Geopolitica
Navi non identificate vicino ai gasdotti Nord Stream prima delle esplosioni?
Due navi non identificate sono passate vicino ai gasdotti Nord Stream 1 e 2 prima delle esplosioni subacquee lì presenti il 26 settembre, secondo un’analisi di immagini satellitari recentemente rivelata.
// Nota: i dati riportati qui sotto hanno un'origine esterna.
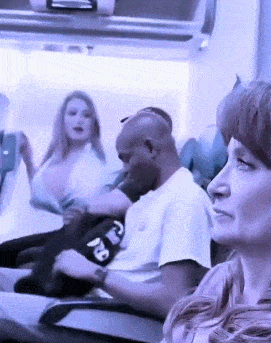 出行攻略：体型肥胖的女生，不要坐A、F靠窗（GIF图）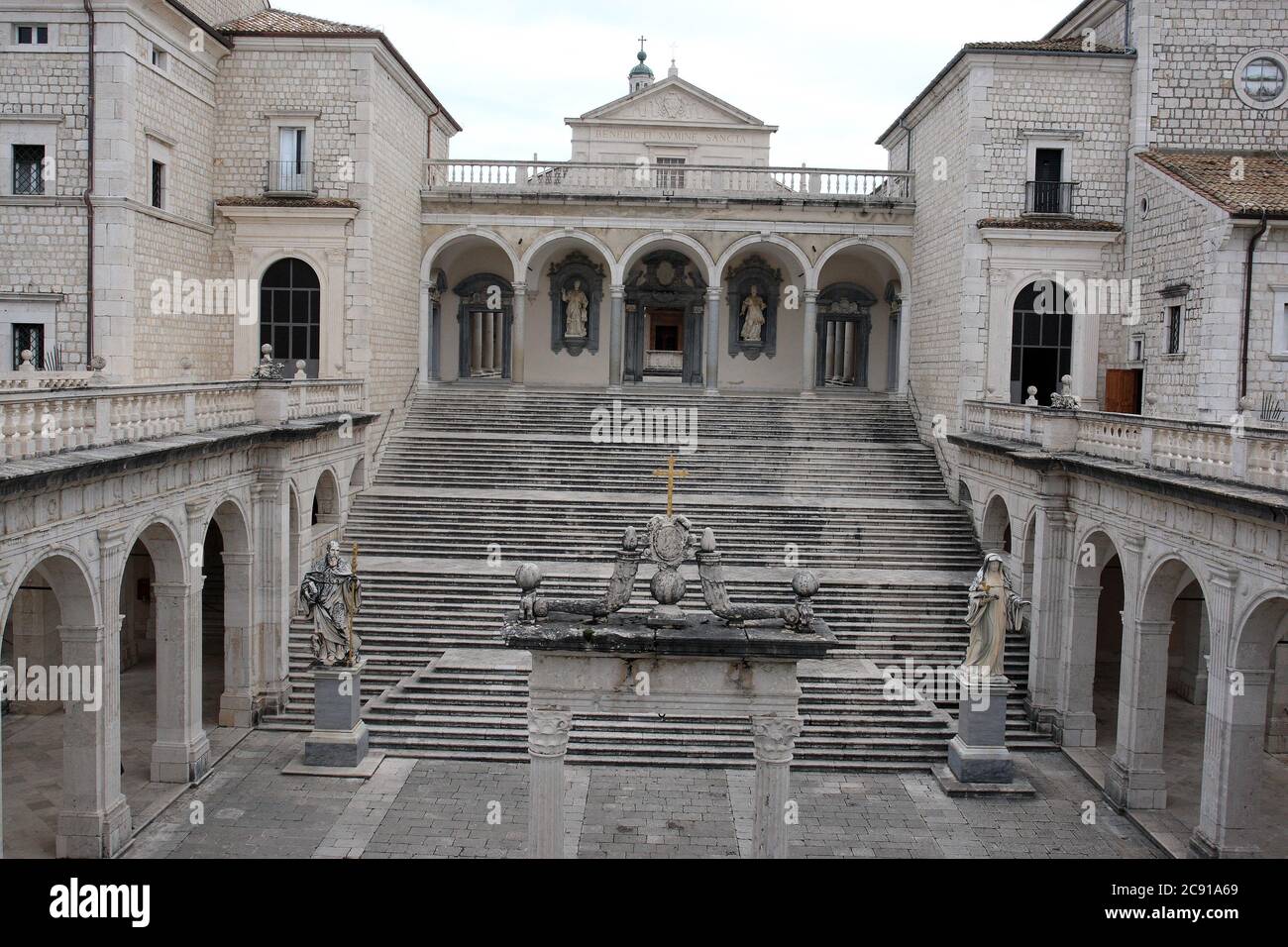 Abbazia montecassino Fotos und Bildmaterial in hoher Auflösung Alamy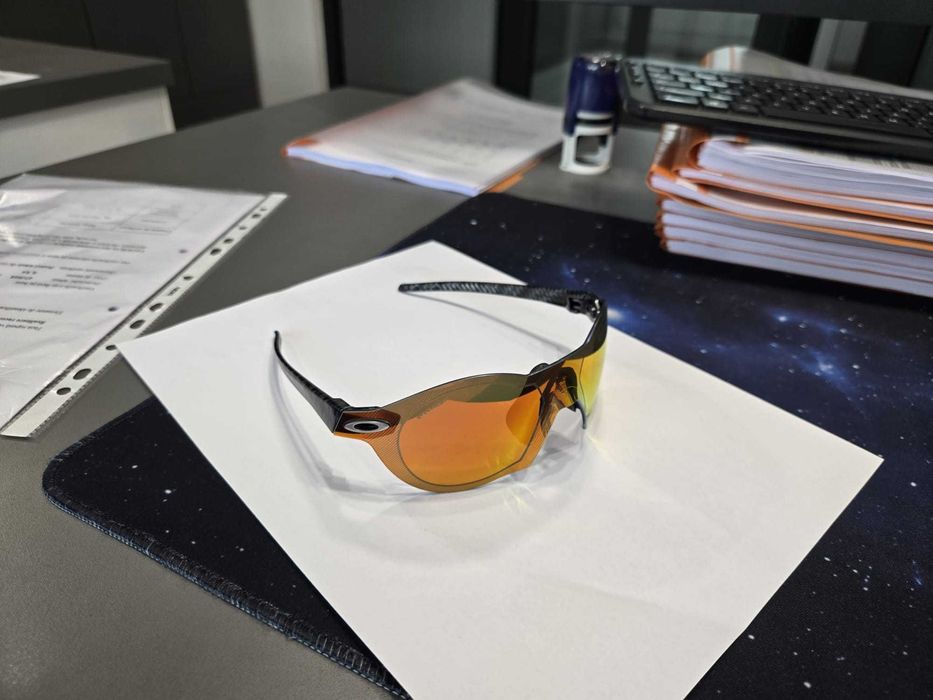 Ochelari ciclism  schi snowboard Oakley  Re:subzero  Carbon Fiber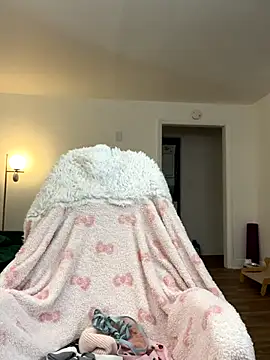 Snapshot of mochamimi chatting on November 23, 2025, 9:58 pm mochamimi online show from November 23, 2025, 9:58 pm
La coppia di navi che hanno solcato il tratto di mare in cui si sono verificate le esplosioni il 26 settembre in tre delle quattro serie di gasdotti sottomarini Nord Stream 1 e 2 erano «dark ships», «navi oscure», afferma la società di monitoraggio dei dati satellitari SpaceKnow. Ciò significa che per qualche motivo i transponder del sistema di identificazione automatica (AIS) delle navi erano disattivati.
Come riporta la testata governativa russa Sputnik, ciò è molto insolito, poiché le normative internazionali affermano che tutte le grandi imbarcazioni devono installare l’AIS e tenerlo acceso. Il sistema di localizzazione è fondamentale per la navigazione ed evitare collisioni con altre navi. Poiché le navi in questione avevano i fari spenti, non trasmettevano i loro nomi, posizione, direzione in cui stavano viaggiando o velocità.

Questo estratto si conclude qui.